### Data:
%%
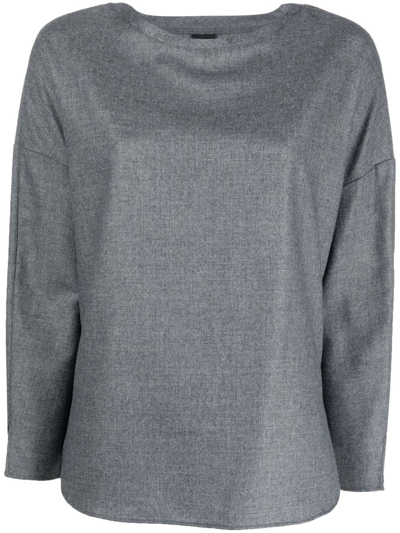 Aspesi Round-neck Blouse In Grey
%%
%%
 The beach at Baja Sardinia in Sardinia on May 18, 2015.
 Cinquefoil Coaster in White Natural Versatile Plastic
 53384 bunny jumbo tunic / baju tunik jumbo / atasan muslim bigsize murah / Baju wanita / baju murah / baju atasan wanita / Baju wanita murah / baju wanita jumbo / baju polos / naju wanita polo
%%
%%
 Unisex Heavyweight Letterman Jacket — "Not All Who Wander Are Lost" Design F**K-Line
%%
### Work item:
All lines in the listing above from the line containing "The beach at" to the line containing "53384 bunny jumbo", inclusive, should be retyped exactly; no other lines should appear.

### The answer:
 The beach at Baja Sardinia in Sardinia on May 18, 2015.
 Cinquefoil Coaster in White Natural Versatile Plastic
 53384 bunny jumbo tunic / baju tunik jumbo / atasan muslim bigsize murah / Baju wanita / baju murah / baju atasan wanita / Baju wanita murah / baju wanita jumbo / baju polos / naju wanita polo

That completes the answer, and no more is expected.